Quantum widening of CDT universe

TL;DR

This paper maps the effective description of the CDT universe onto a statistical physics model, revealing phase transitions and quantum corrections, and predicting potential new phases consistent with CDT simulations.

Contribution

It introduces a novel statistical physics model for the CDT universe's effective dynamics, reproducing observed phases and predicting additional phases based on the effective action.

Findings

Reproduces the shape of the quantum universe in CDT

Identifies the emergence of the de-Sitter universe as a condensation transition

Predicts two additional phases depending on model parameters

Abstract

The physical phase of Causal Dynamical Triangulations (CDT) is known to be described by an effective, one-dimensional action in which three-volumes of the underlying foliation of the full CDT play a role of the sole degrees of freedom.
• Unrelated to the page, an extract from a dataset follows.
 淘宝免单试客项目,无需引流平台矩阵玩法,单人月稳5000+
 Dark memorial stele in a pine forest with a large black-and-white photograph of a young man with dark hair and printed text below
Here we map this effective description onto a statistical-physics model of particles distributed on 1d lattice, with site occupation numbers corresponding to the three-volumes. We identify the emergence of the quantum de-Sitter universe observed in CDT with the condensation transition known from similar statistical models. Our model correctly reproduces the shape of the quantum universe and allows us to analytically determine quantum corrections to the size of the universe. We also investigate the phase structure of the model and show that it reproduces all three phases observed in computer simulations of CDT. In addition, we predict that two other phases may exists, depending on the exact form of the discretised effective action and boundary conditions. We calculate various quantities such as the distribution of three-volumes in our model and discuss how they can be compared with CDT.